_Records supplied_:

----

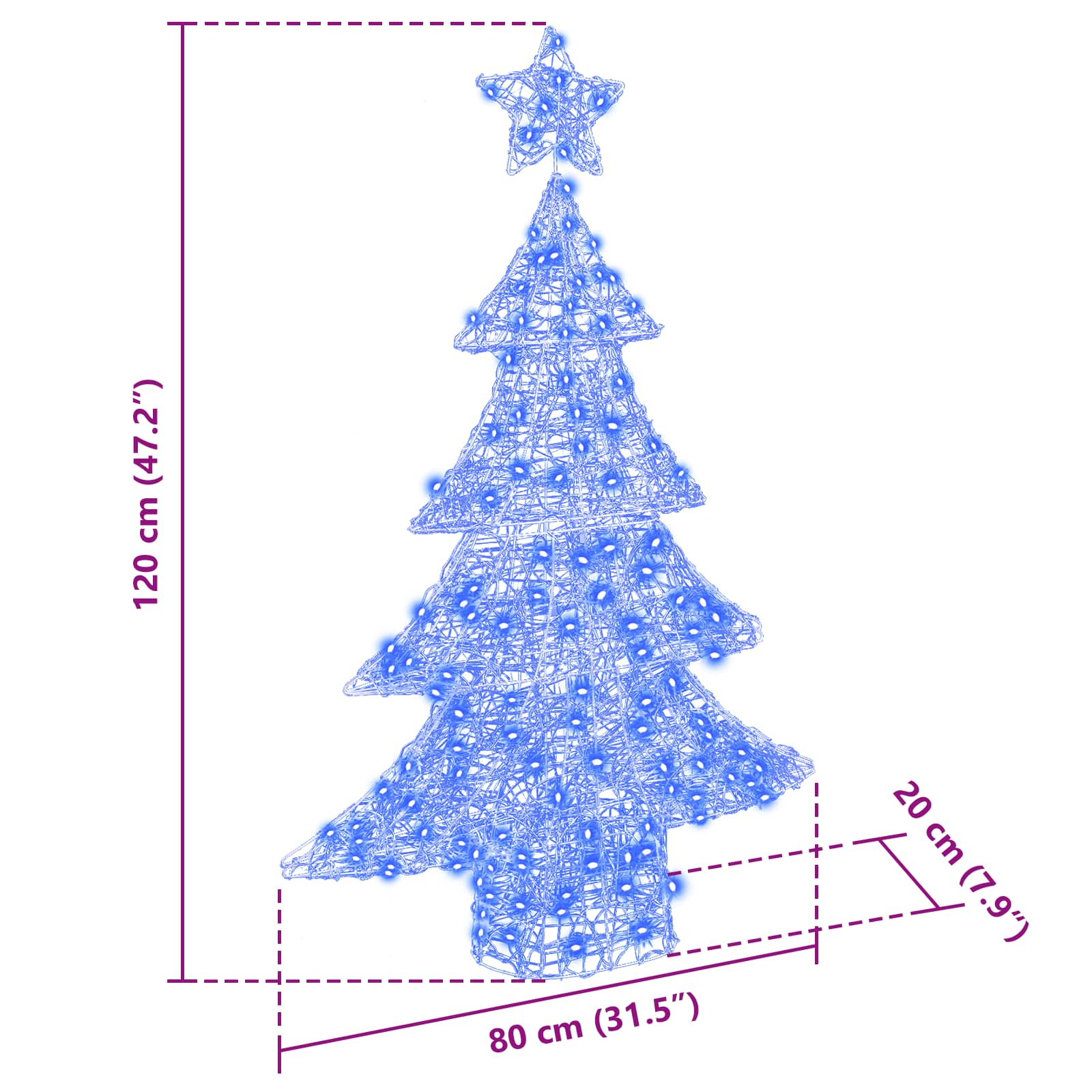 Weihnachtsbaum 100 LEDs Blau 120 cm Acryl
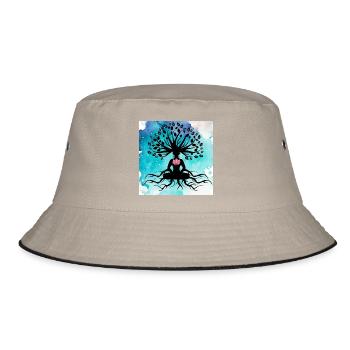 Baum des Lebens Yoga - Bucket Hat - Khaki/Schwarz - Vorne
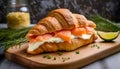 Croissant sandwich with cheese and salmon on wooden board, table background with ingredients, close up Royalty Free Stock Photo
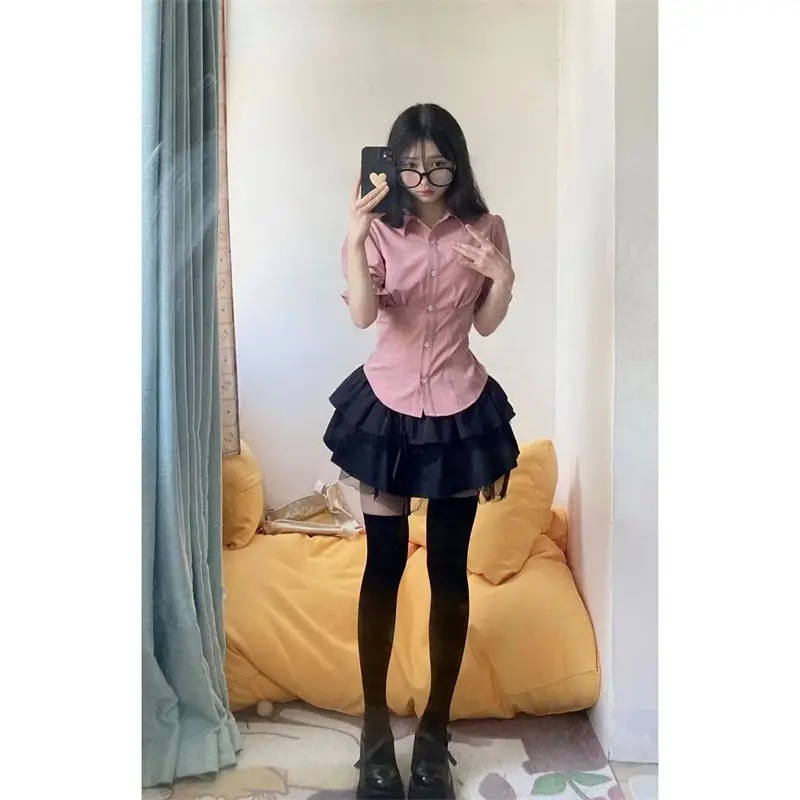 Sexy White Blouses Women Korean Fashion Shirt Chic Harajuku Preppy Elegant Female Japanese Casual JK Slim Y2k Blusas Cute Tops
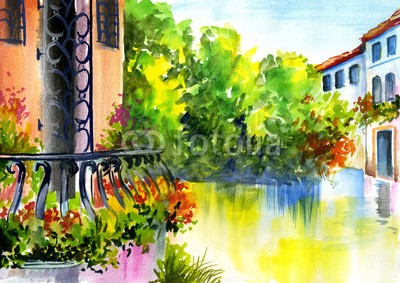 max5799, watercolor painting - flowers near the house (malerei, wasserfarben, blume, landschaft, öl, canvas, abbildung, wand, türen, haus, straße, kunst, sommer, backgrounds, alt, architektur, tür, nähe, entwerfen, klein, blau, licht, bunt, hell, frühling, papier, zeichnung, europa, artwor)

----

Each line from the first line of the entries through the line containing "Sexy White Blouses" should be duplicated word for word, and nothing more; the pictures stay out.

_Solution to the problem_:
 Weihnachtsbaum 100 LEDs Blau 120 cm Acryl
 Baum des Lebens Yoga - Bucket Hat - Khaki/Schwarz - Vorne
 Croissant sandwich with cheese and salmon on wooden board, table background with ingredients, close up Royalty Free Stock Photo
 Sexy White Blouses Women Korean Fashion Shirt Chic Harajuku Preppy Elegant Female Japanese Casual JK Slim Y2k Blusas Cute Tops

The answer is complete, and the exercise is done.